● Problem to solve
Write out exactly the lines running from the line that includes "NOVITÀ Villa Aurelia" to the end of the data, both ends included, and nothing besides.

**** Extracted entries ****

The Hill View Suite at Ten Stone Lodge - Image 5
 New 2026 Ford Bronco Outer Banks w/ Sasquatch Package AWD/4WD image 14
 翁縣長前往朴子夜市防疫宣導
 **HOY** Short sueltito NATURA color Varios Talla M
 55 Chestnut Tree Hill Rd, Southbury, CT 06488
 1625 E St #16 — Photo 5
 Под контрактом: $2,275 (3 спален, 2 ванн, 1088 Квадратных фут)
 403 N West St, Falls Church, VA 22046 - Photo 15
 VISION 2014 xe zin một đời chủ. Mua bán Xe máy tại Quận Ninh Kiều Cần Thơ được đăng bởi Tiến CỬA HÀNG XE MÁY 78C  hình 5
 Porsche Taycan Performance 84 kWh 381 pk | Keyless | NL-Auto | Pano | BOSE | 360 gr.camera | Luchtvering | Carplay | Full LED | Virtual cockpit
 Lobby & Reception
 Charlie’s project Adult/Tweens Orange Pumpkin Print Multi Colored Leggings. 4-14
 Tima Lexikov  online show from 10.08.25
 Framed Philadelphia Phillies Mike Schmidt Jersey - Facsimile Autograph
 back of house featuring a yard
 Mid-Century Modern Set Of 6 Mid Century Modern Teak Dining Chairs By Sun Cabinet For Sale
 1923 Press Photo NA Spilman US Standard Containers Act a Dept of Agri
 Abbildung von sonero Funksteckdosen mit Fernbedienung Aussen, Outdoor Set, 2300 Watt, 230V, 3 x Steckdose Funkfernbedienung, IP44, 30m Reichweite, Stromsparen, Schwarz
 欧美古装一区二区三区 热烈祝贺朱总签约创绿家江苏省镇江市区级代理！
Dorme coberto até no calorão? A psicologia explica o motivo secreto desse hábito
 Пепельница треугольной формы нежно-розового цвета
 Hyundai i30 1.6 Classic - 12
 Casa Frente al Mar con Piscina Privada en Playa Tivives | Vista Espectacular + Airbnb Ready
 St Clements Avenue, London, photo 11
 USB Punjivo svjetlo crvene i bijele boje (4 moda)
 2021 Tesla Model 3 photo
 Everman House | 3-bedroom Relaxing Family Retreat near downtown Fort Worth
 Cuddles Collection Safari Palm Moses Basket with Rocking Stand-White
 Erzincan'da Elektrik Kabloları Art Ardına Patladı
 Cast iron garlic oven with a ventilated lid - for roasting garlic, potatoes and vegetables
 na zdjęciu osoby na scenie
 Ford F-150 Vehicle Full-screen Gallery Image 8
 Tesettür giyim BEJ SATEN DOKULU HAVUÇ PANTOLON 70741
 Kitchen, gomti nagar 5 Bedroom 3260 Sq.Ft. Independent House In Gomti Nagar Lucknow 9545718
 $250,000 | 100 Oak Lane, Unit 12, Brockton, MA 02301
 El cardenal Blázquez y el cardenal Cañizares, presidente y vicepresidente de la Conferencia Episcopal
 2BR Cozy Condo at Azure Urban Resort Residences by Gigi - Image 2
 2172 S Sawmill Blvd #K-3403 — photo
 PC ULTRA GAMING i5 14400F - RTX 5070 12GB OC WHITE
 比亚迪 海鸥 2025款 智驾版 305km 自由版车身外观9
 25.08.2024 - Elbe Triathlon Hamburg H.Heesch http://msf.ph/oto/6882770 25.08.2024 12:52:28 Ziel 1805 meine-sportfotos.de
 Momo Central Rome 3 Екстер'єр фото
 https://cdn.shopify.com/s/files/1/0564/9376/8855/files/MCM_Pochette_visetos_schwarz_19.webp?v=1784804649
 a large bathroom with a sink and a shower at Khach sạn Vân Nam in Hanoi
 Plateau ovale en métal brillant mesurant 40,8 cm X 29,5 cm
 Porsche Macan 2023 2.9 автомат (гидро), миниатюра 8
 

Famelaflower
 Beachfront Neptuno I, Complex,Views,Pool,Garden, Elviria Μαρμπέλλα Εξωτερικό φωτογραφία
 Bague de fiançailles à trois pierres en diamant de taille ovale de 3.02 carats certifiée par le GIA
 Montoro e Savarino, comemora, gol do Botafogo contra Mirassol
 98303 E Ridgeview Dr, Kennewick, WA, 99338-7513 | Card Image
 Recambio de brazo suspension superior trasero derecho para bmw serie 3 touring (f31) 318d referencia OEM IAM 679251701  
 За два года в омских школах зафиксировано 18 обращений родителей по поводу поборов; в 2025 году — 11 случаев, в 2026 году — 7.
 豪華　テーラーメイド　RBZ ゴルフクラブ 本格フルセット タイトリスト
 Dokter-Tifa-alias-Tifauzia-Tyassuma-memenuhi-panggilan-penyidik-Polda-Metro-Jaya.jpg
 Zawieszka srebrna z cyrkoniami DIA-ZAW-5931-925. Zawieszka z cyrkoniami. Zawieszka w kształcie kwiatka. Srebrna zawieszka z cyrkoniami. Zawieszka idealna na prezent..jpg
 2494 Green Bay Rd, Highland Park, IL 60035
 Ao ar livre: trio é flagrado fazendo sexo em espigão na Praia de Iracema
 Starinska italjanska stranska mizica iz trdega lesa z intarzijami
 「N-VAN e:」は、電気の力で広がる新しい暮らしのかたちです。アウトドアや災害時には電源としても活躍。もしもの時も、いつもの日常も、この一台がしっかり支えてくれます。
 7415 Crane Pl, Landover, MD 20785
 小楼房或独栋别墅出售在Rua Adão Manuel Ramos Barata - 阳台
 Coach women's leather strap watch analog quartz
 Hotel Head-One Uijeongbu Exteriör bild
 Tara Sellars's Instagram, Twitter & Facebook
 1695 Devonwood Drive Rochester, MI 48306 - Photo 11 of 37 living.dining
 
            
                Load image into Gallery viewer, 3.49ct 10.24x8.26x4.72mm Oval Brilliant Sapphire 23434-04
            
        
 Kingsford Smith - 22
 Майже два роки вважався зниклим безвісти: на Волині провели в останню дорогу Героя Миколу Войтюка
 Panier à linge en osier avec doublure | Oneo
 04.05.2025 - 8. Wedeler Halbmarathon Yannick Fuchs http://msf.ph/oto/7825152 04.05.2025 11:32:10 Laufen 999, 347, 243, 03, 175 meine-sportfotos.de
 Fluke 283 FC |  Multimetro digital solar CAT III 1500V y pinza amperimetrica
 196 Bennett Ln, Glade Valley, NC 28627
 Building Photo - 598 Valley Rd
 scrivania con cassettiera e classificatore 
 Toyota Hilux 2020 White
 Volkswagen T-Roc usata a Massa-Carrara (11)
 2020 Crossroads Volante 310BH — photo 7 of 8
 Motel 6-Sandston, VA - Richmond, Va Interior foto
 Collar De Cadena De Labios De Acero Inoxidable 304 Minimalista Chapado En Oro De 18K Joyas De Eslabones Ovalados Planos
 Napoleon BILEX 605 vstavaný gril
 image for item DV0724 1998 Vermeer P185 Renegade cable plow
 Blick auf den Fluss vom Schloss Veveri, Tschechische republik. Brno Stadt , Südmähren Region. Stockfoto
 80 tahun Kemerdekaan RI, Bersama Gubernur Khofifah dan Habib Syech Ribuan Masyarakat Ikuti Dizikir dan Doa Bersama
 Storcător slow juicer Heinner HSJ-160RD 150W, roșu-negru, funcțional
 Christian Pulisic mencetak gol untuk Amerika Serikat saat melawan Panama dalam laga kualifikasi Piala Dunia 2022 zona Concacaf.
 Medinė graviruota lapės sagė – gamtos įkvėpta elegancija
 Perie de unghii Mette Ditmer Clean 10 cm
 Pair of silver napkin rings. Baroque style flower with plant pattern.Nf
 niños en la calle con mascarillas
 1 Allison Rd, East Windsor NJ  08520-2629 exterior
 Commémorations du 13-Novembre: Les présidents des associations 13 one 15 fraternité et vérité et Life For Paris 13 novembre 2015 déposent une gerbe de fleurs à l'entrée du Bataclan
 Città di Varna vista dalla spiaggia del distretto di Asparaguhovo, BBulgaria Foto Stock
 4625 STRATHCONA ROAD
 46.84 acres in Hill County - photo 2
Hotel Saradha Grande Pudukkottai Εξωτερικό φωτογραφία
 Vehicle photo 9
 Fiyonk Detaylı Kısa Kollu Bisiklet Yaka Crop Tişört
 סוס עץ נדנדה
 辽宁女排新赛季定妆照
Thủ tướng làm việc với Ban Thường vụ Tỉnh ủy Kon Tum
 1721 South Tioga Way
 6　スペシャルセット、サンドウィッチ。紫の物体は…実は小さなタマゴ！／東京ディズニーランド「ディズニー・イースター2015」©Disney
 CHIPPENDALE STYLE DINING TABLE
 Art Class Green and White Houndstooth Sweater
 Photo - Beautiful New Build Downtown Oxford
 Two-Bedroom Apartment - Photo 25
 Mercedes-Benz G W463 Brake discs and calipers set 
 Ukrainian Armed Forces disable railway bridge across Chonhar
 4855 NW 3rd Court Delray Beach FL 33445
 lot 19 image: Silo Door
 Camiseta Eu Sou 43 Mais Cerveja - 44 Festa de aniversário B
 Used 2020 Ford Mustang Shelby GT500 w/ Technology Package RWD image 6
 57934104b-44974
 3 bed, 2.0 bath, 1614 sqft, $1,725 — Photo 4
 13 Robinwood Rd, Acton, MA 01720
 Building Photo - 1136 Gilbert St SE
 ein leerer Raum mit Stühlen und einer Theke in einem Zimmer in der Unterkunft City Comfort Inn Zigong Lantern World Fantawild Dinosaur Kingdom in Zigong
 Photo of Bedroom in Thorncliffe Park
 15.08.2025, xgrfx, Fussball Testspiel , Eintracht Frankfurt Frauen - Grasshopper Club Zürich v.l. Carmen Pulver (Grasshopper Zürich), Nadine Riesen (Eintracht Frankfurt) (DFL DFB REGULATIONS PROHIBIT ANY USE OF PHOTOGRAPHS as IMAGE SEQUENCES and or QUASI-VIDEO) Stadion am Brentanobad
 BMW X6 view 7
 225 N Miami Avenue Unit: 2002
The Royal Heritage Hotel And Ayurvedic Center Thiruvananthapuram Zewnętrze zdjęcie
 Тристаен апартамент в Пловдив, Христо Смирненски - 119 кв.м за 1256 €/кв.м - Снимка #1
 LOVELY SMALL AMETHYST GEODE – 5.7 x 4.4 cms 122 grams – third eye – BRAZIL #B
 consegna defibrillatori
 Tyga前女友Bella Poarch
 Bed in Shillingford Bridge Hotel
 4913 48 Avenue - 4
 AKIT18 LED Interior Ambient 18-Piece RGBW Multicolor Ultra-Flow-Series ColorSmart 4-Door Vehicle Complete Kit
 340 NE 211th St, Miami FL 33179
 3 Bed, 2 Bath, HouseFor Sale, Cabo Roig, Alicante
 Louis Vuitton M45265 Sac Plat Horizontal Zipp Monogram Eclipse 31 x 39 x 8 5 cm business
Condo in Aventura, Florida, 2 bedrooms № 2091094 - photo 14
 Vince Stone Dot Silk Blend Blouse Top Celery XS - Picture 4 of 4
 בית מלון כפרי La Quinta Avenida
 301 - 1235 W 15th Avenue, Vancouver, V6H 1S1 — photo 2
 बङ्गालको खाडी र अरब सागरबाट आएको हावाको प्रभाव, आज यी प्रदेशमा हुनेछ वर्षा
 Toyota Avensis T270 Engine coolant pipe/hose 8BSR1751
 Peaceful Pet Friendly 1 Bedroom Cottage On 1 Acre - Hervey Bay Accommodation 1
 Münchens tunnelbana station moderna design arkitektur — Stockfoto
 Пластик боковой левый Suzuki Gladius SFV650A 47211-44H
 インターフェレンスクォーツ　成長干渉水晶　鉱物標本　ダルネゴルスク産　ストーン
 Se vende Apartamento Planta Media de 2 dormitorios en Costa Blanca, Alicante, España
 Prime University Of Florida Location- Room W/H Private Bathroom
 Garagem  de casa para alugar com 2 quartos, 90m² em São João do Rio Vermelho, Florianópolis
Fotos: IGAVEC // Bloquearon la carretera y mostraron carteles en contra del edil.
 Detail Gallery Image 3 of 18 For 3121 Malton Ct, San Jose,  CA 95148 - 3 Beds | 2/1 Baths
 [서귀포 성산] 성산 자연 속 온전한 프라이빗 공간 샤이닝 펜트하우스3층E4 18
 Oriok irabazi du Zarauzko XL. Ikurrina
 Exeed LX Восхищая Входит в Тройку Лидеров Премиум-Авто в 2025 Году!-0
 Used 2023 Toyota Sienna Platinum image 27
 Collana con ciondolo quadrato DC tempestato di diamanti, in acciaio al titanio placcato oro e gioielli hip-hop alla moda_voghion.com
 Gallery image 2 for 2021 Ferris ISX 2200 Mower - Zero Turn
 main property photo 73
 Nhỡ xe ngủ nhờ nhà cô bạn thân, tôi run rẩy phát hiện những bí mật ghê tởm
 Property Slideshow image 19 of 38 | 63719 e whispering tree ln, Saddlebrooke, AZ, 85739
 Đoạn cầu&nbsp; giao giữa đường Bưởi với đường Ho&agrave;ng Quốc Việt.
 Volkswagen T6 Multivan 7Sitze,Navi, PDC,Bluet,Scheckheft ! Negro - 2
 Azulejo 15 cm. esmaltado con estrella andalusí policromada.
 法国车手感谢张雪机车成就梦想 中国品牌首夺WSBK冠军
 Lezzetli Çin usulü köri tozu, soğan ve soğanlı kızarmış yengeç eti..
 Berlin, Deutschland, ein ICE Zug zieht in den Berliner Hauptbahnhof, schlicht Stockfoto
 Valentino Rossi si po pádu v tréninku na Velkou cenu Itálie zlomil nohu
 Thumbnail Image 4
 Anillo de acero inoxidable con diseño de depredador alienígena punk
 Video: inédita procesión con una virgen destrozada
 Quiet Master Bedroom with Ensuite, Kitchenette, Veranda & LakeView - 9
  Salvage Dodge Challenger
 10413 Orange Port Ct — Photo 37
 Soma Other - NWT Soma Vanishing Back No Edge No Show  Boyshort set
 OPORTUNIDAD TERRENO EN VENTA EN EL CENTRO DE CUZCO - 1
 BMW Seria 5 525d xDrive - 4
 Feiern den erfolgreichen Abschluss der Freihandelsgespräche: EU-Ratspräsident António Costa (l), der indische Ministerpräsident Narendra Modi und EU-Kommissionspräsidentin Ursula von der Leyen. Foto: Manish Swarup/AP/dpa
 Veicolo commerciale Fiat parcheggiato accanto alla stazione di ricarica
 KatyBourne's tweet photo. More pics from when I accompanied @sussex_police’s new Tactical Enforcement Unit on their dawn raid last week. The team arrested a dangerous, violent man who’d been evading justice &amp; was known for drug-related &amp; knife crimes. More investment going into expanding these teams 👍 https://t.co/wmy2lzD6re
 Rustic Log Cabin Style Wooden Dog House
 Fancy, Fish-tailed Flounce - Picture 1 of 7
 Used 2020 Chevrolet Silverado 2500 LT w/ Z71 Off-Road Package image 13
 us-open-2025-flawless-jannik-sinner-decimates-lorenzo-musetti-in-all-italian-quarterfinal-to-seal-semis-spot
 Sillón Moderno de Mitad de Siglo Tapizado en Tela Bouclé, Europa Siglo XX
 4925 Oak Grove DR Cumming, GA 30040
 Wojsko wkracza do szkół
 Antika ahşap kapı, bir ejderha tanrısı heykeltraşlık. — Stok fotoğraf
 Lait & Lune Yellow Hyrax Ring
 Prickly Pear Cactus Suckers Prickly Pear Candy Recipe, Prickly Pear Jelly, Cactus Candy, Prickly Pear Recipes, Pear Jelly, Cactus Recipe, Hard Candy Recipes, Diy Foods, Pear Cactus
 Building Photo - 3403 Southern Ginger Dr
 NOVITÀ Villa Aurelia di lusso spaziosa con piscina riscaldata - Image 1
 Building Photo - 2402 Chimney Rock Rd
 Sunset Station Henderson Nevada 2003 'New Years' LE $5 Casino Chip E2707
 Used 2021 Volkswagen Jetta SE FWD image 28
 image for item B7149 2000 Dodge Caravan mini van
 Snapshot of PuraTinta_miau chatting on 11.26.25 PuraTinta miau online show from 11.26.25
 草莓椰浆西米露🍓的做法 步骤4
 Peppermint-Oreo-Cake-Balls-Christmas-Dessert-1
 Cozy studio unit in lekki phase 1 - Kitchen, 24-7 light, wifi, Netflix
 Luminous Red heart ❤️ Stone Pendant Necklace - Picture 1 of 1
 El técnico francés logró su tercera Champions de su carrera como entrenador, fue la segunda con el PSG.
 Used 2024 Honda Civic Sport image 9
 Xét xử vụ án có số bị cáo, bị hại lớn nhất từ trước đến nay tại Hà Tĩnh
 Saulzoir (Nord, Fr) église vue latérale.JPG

****

● Reply to the exercise
 NOVITÀ Villa Aurelia di lusso spaziosa con piscina riscaldata - Image 1
 Building Photo - 2402 Chimney Rock Rd
 Sunset Station Henderson Nevada 2003 'New Years' LE $5 Casino Chip E2707
 Used 2021 Volkswagen Jetta SE FWD image 28
 image for item B7149 2000 Dodge Caravan mini van
 Snapshot of PuraTinta_miau chatting on 11.26.25 PuraTinta miau online show from 11.26.25
 草莓椰浆西米露🍓的做法 步骤4
 Peppermint-Oreo-Cake-Balls-Christmas-Dessert-1
 Cozy studio unit in lekki phase 1 - Kitchen, 24-7 light, wifi, Netflix
 Luminous Red heart ❤️ Stone Pendant Necklace - Picture 1 of 1
 El técnico francés logró su tercera Champions de su carrera como entrenador, fue la segunda con el PSG.
 Used 2024 Honda Civic Sport image 9
 Xét xử vụ án có số bị cáo, bị hại lớn nhất từ trước đến nay tại Hà Tĩnh
 Saulzoir (Nord, Fr) église vue latérale.JPG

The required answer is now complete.